Quando eu penso em oração e em como Deus a responde, me lembro de pelo menos três textos. O primeiro está no livro de Tiago: Não conseguem o que querem porque não pedem a Deus. E, quando pedem, não recebem porque os seus motivos são maus. Vocês pedem coisas a fim de usá-las para os seus próprios prazeres (Ti. 4. 2 – 3). Aqui, eu aprendo que devemos pedir o que queremos a Deus. Porém, tem uma coisa a mais. Às vezes podemos dirigir nossas orações ao nosso Pai, mas não receber as respostas que queremos porque nossos pedidos são maus: são para os nossos próprios prazeres e não segundo a vontade de Deus nem para a Sua glória. Se vamos pedir coisas que vão de encontro ao que Deus quer, vamos pedir e ter nada em resposta.
O segundo texto é palavra de Jesus sobre a bondade de Deus: Por acaso algum de vocês, que é pai, será capaz de dar uma pedra ao seu filho, quando ele pede pão? Ou lhe dará uma cobra, quando ele pede um peixe? Vocês, mesmo sendo maus, sabem dar boas coisas aos seus filhos. Quanto mais o Pai de vocês, que está no céu, dará coisas boas aos que lhe pedirem! (Mt. 7. 9 – 11). Aqui eu aprendo que Deus, por Sua bondade, nunca vai frustrar o meu pedido em oração. Pode até ser que Sua resposta me seja “não”, mas ainda assim estarei certo que Ele me reserva as melhores coisas a esse respeito. Se Ele não me dá o que peço é porque um Pai, extrapolando um pouco o sentido do que fala Jesus, é incapaz de dar a Seu filho alguma coisa que, no final, vai lhe trazer prejuízo. Minha mãe sempre teve o juízo de não me dar brinquedos perigosos, mesmo que eu chorasse bastante para ganhá-los. Ela sabia que aquilo me faria mal e me preservava. E sempre procurou me dar as melhores coisas. De igual modo, o Pai do Céu, diz Jesus, sabe dar boas coisas aos que lhe pedirem!
A terceira história, antes de voltarmos a Ezequias, é de insistência com Deus. Mas uma maldita insistência. Números 22 começa a contar a história de Balaque e Balaão. Balaque, rei de Moabe, envia mensageiros oferecendo dinheiro ao profeta Balaão para que ele amaldiçoe o povo de Israel no caminho para Canaã.
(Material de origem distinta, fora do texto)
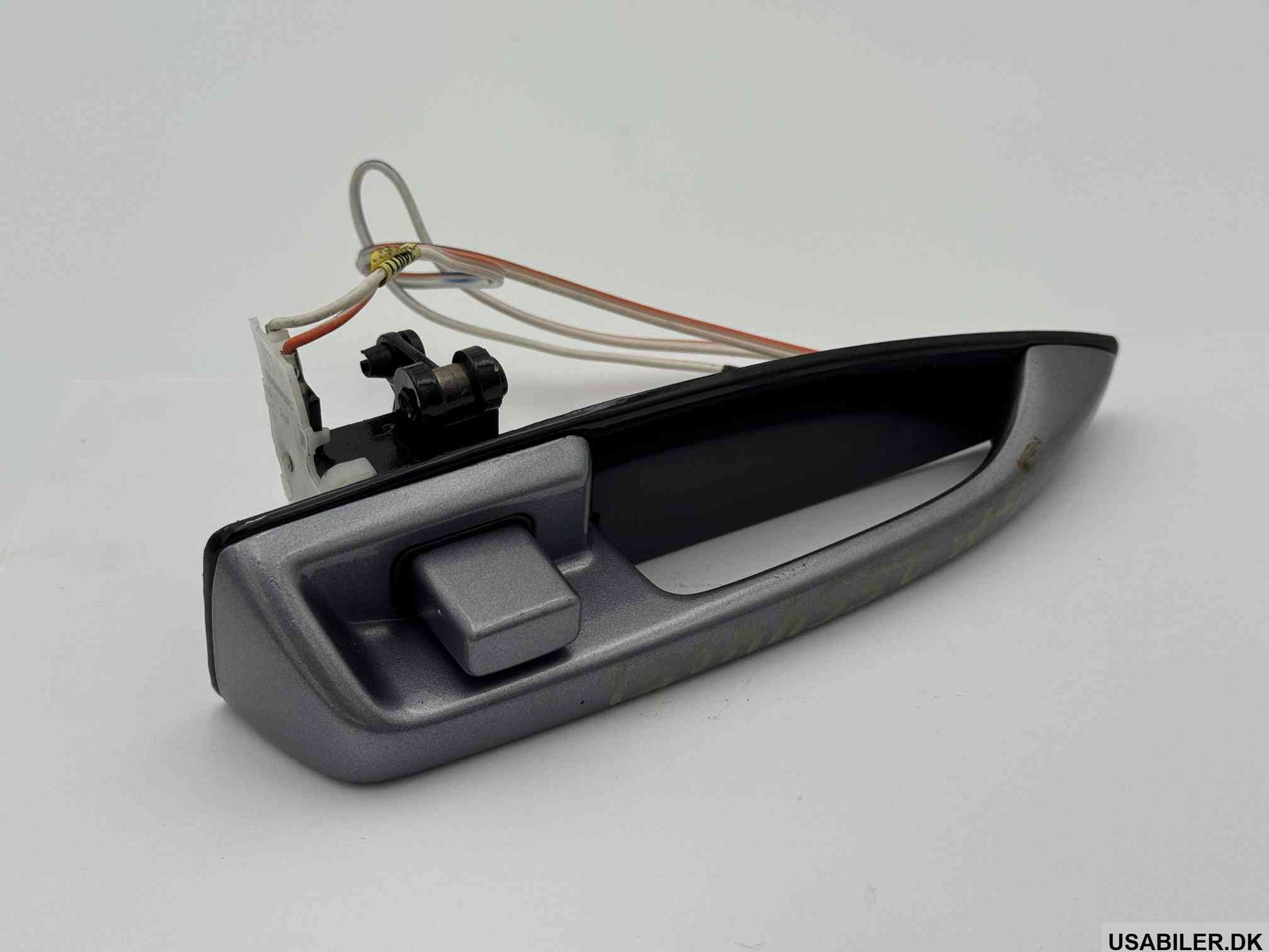 GM 20696135 Oem Outer Door Handler *Gray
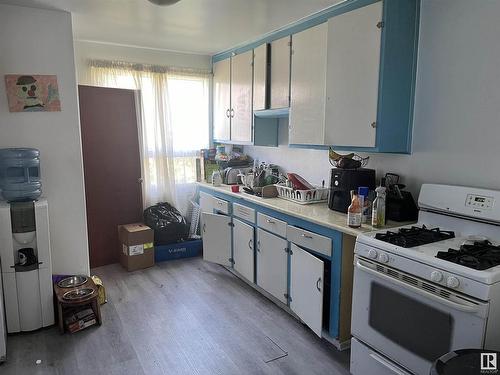 9818 81 Avenue, Edmonton, AB - Indoor Photo Showing Kitchen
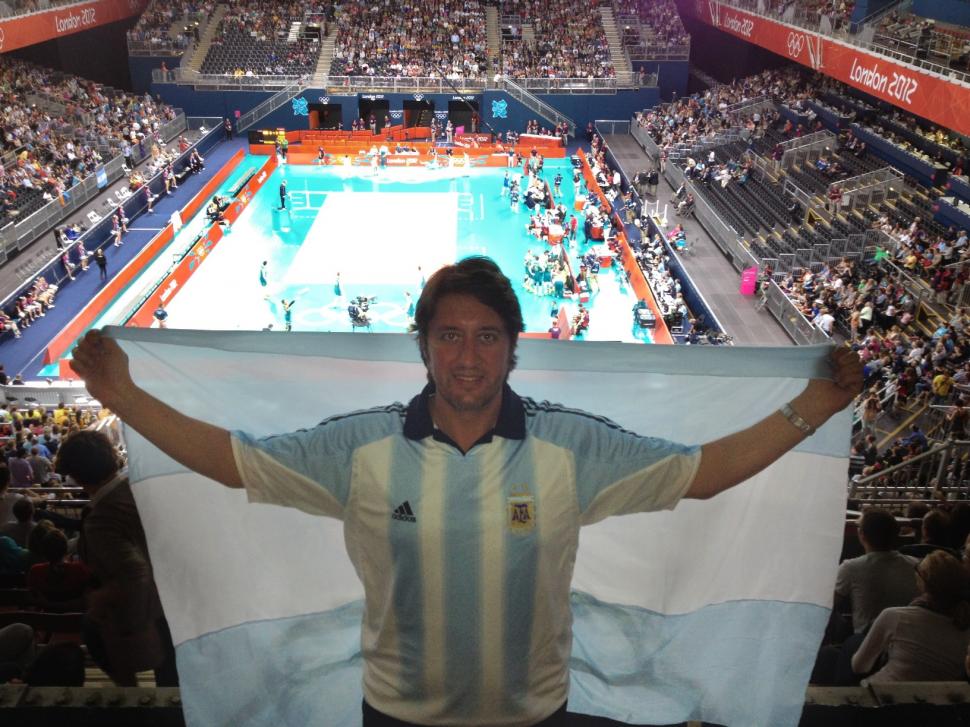 Esperando por Argentina vs Australia en Volleyball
A primeira atitude de Balaão é perfeita. Diz aos enviados que, antes, precisa consultar a Deus sobre o que Ele quer. Quando Deus lhe diz que não deve ir com os enviados, Balaão vê seus presentes indo embora. Por causa da ganância, continua insistindo com Deus até que Ele permite que o profeta vá. Deus não mudou de idéia, mas parece que queria ver até onde Balaão ia na sua rebeldia. Até uma mula fala para dissuadir o profeta. Por três vezes, mesmo ciente de qual era a vontade de Deus – abençoar, e não amaldiçoar -, Balaão sobe para se encontrar com o Senhor. Insiste, mas por fim só consegue abençoar, porque não podia amaldiçoar um povo a quem Deus abençoa. Não satisfeito, e a Bíblia cala, mas lemos isso nas entrelinhas, Balaão, de olho nos presentes de Balaque, ajuda o rei de Moabe a armar ciladas para que Israel caía em pecado. O capítulo 27 de Números conta a história da idolatria orgiástica do povo no culto a Baal-Peor. Balaão não podia amaldiçoar um povo santo, mas podia construir uma situação para que o povo pecasse. E assim se tornasse passível de ser amaldiçoado. Uma história que começou com uma insistência com Deus por uma causa pela qual o Senhor já tinha manifestado um veredicto, termina como um plano sórdido para fazer cair toda uma nação. O fim de Balaão é trágico por isso. Números 31 narra a batalha contra os midianitas e fala laconicamente sobre o profeta: Também mataram à espada Balaão, filho de Beor (Nm. 31. 8).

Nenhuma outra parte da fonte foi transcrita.